DETROIT -- The head of the National Highway Traffic Safety Administration said today that the agency is negotiating with Fiat Chrysler Automobiles to settle a dispute over the automaker’s handling of recalls, but nothing has been signed.
Speaking to reporters in Detroit ahead of a conference about autonomous vehicles, NHTSA Administrator Mark Rosekind said a settlement -- known as a consent order -- with FCA “would be a strong outcome if we could do that.”
FCA representatives were called to a special hearing on July 2 at NHTSA to answer questions about 23 recalls that the agency alleges were improperly executed. After the hearing, Rosekind said that FCA would face penalties for its actions.
“There’s a long list of things that [FCA did that] put people at risk,” Rosekind told reporters today.
Rosekind said he is encouraged by the public comments that FCA CEO Sergio Marchionne and other executives have made about the automaker working more closely with NHTSA. But “we’re going to be watching for the actions that follow,” he added.
NHTSA attorneys are considering a number of penalties for FCA, from monitoring and reporting programs up to, and including, vehicle buybacks, Rosekind said.
But he said that even if NHTSA and FCA reach a settlement that would impose harsh penalties and closer monitoring of the automaker, “it doesn’t mean that we’re done with Chrysler.”
In other comments, Rosekind said:
- Ongoing testing of recovered airbag inflators -- those already pulled from recalled vehicles -- shows an elevated risk of failure for vehicles in one state. “Seventy to 80 percent of the ruptures are coming from Florida,” he said. Rosekind said that automakers and NHTSA are working toward “a fall event” in which they can present a coordinated campaign to replace millions of defective airbag inflators in the nation’s fleet.
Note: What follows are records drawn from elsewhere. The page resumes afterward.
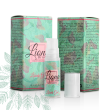 LIONA BY MOMA - VIBRATEUR LIQUIDE LIBIDO GEL 6 ML LIONA BY MOMA - VIBRATEUR LIQUIDE LIBIDO GEL 6 ML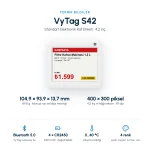 VyTag S42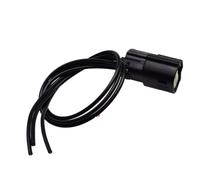 Ignition Coil Connector Plug Compatible With Lincoln For MKX 2007-2010 For MKS 2009-2016 For MKT 2013-2017 For MKZ 2013-2016 Ignition Coil Plug 9U2Z14S411EA(1 pc)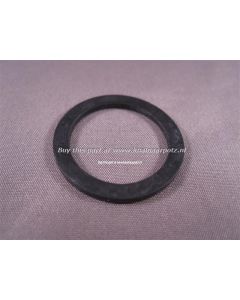 44346-10050 T500 T350 T250 gasket cup fuelcock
- The agency will update its aging New Car Assessment Program beginning this fall. The program, which awards star ratings to vehicles based on a series of crash tests, will be updated to recognize added safety features, such as autonomous braking, the NHTSA head said. “It looks like it’s coming together very, very nicely.”
- NHTSA is reviewing federal vehicle safety rules to determine whether self-driving vehicle technology that automakers and Google Inc. are road testing comply with the law. The agency is looking at a list of rules that could affect the rollout of features such as Tesla Motors Inc.’s Autopilot hands-free driving system or General Motors’ proposed Super Cruise system planned for some Cadillac models.